Original Research - Special Collection: O3 Plus

Policing toxic masculinities and dealing with sexual violence on Zimbabwean University campuses

Simbarashe Gukurume, Munatsi Shoko
HTS Teologiese Studies / Theological Studies | Vol 79, No 3 | a8625 | DOI: https://doi.org/10.4102/hts.v79i3.8625 | © 2023 Simbarashe Gukurume, Munatsi Shoko | This work is licensed under CC Attribution 4.0
Submitted: 11 March 2023 | Published: 18 December 2023

About the author(s)

Simbarashe Gukurume, Faculty of Humanities, Sol Plaatje University, Kimberley, South Africa; Faculty of Social Sciences, Stellenbosch University, Cape Town, South Africa; and Faculty of Theology and Religion, University of Pretoria, Pretoria, South Africa
Munatsi Shoko, Faculty of Theology and Religion, University of Pretoria, Pretoria, South Africa; and UNESCO, Masvingo, Zimbabwe

Abstract

University campuses are framed as sexualised spaces marked by high sexual risk-taking behaviour and toxic masculinities that often fuel abusive relationships and sexual violence. More often, the most vulnerable groups, to this violence include sexual minorities, girls and students with disabilities. Drawing on qualitative ethnographic research and semi-structured interviews with students and staff from two universities in Zimbabwe, this article examines how toxic campus ‘cultures’ and campus sexual economies can be transformed and made more inclusive and safer for all students. The study uses Pierre Bourdieu’s theory of practice, especially the field and habitus to understand how toxic masculinities are produced and reproduced on campus, as well as how everyday practice on campus can be instrumentalised to reconfigure coercive sexual practices and toxic masculinities. Although there is a huge body of research on sexual violence in Zimbabwe, very little of this has focused on the prevalence and experiences of this phenomenon within university campus spaces. Therefore, little is known about how students experience, perceive, and navigate sexual violence on campus, as well as institutional responses to sexual violence. Consequently, this study seeks to fill this gap and contribute to the burgeoning scholarship and debates on sexual violence, including coercive sexual practices and heteronormativity in university campus spaces. We seek to contribute to three sustainable development goals, that is goal 3 (good health and well-being), goal 5 (gender quality) and finally goal 10 (reduced inequalities).

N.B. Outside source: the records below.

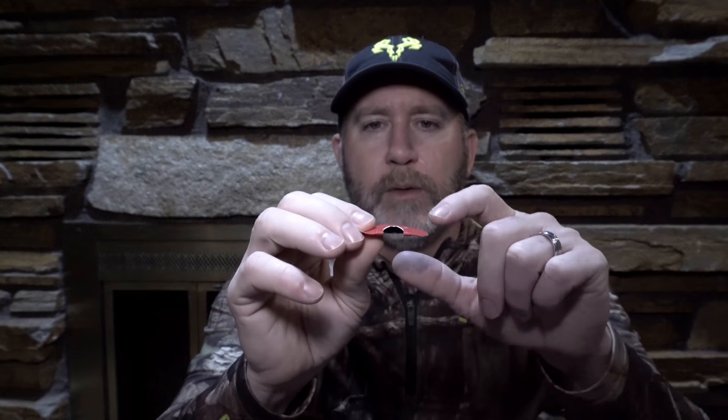Next, diaphragms evolved into the dome style reed, which has a dome built into the frame instead of a raised angle palate plate. The reason for the invention of domed reeds is that a lot of people have a very high arch to their palates where the raised angle palate plate won't fit up into the roof of their mouth — they get a lot of play in it. That's where the dome style comes in; it's built for people with that high arch to the front of their palate.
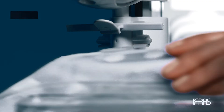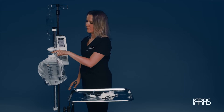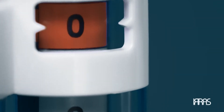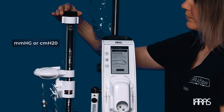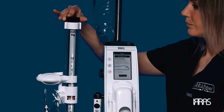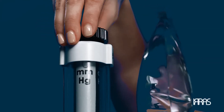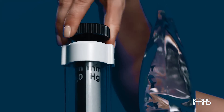You will hear the drainage collection system lock into place. Attach the drainage bag onto the hanger and lock it into place by closing the locking lever. Select your desired measuring scale — you can choose between millimeters of mercury or centimeters of water based on facility or physician preference. Turn the black knob at the top of the drainage collection system until your desired measuring scale is selected.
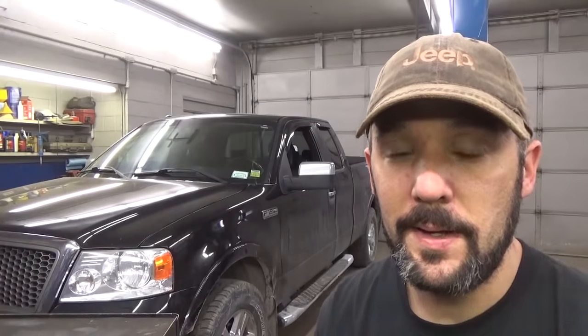Hey there, viewers. Eric Oh here, South Main Auto. Welcome back and welcome to our channel. Got a new diagnosis — we've got this 06 F-150 that got towed in today from another shop. They looked at it and couldn't make any headway with it, so they dumped it on me like they usually do. It's our turn to have a look and see if we can get this thing fixed.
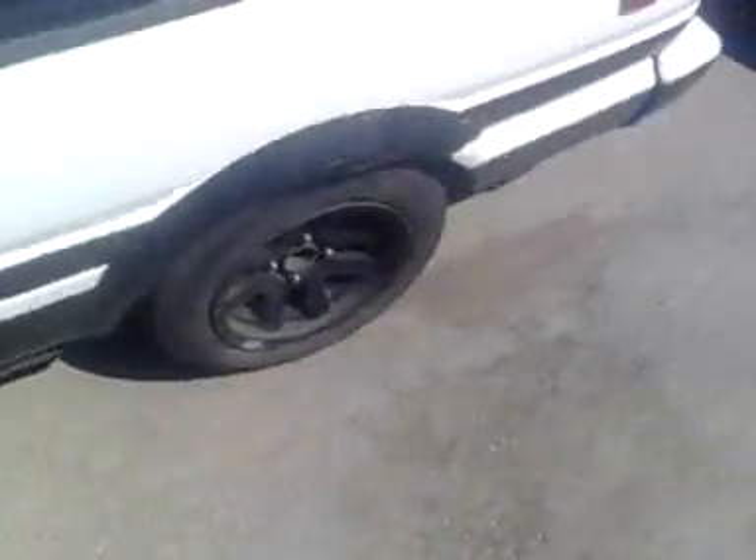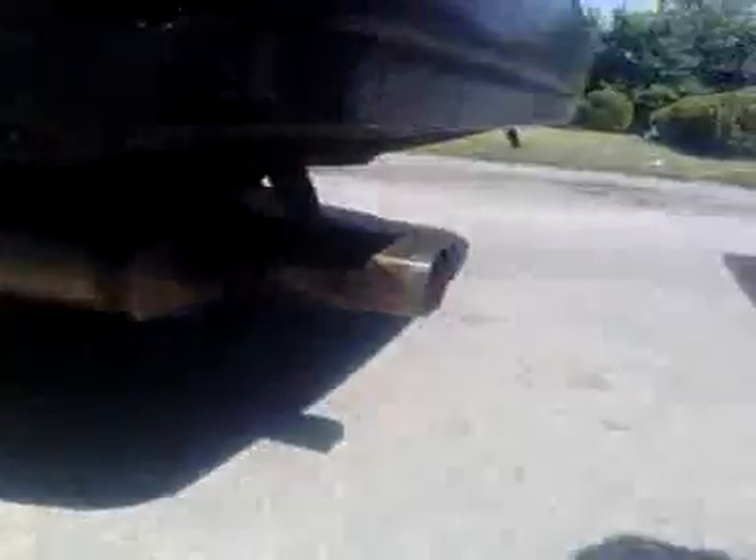Everything's stock, it's automatic, 140,000 clicks on it — that's really low for an AE86. I just put a whole new exhaust on it, 16-valve exhaust. We cut and customized the SR5 downpipe to mate up with the 16-valve exhaust. Sounds really good.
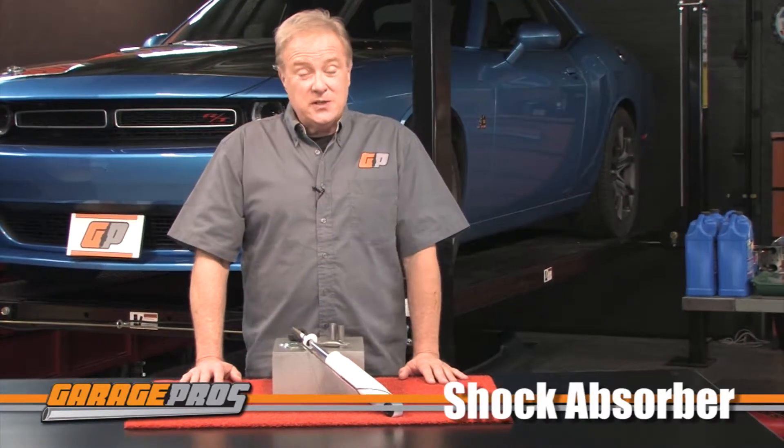Welcome to another edition of Garage Pros. I'm Paul Tapia. Today we are looking at CalMax Super Shocks from DJM Suspension. Looking for dependable suspension parts for your truck, like most truck enthusiasts, there's no need to look any further than DJM.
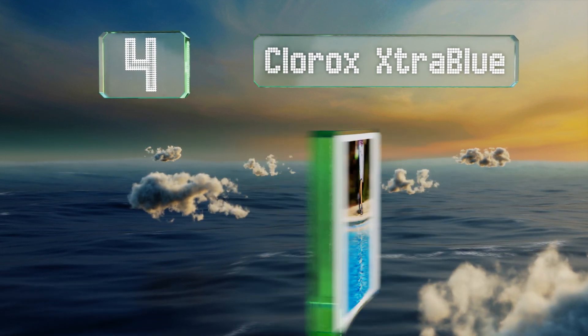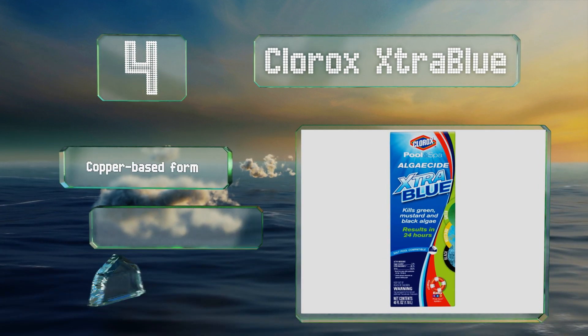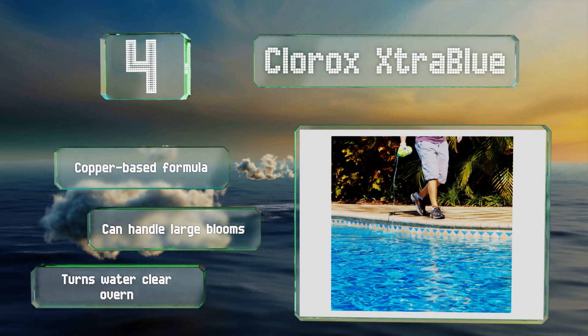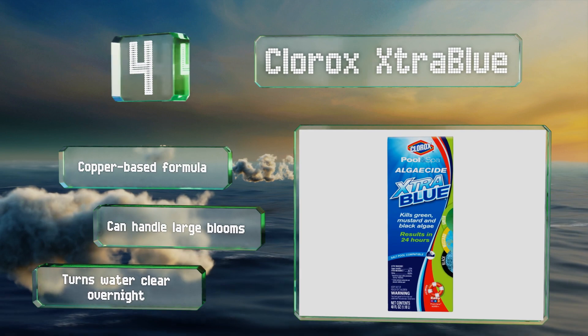At number four, if you're fighting multiple varieties of this water-based organism, Clorox Extra Blue should be able to help, since unlike many others it's designed to kill all of them. It's a quick and effective option that can treat pools of up to 25,000 gallons with one bottle. It's a copper-based formula that can handle large blooms and turns water clear overnight.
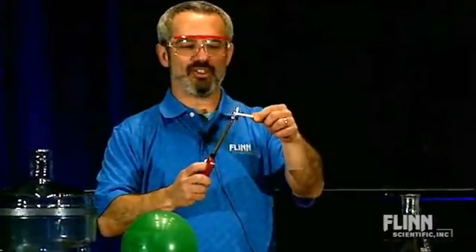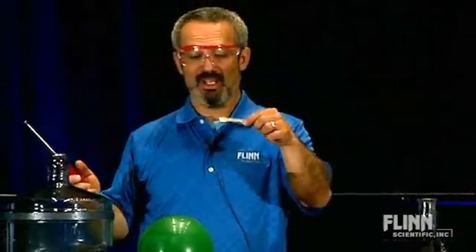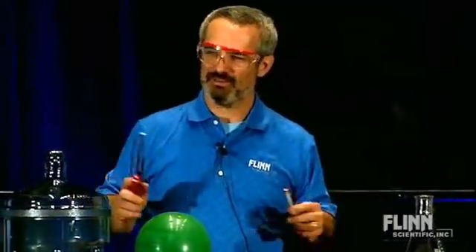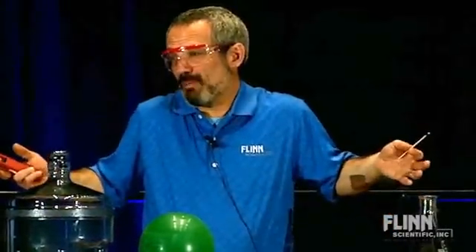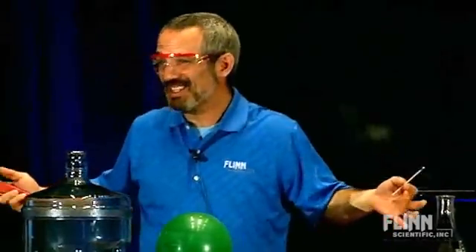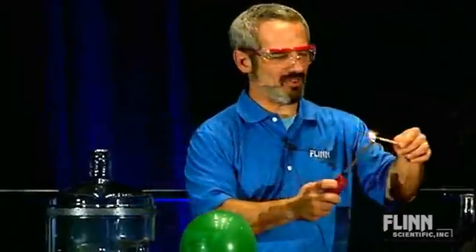When you see a wood splint burn, of course it's burning in oxygen. Well, things can burn in steam. Steam has more oxygen than air — air is 20% oxygen, while steam is 33% oxygen, and even more than that if you go by weight. So there's more oxygen available in there. Let's find out if it does.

Contribution: This article foregrounds the ways in which institutions of higher learning respond to sexual violence within the university campus. The key contribution of this article relates to how students’ religious and socio-cultural subjectivities shaped or mediated experiences of and perceptions on sexual violence on campus. Consequently, we assert that the campus religious ‘field’ and students’ spiritual ‘habitus’ had a huge influence on the campus sexual economies.The research contributes to the field of Biblical Theology engaged with Gender Justice, Health and Human Development.


Keywords

sexual violence; university students; sexual harassment; agency; peer pressure; toxic masculinities.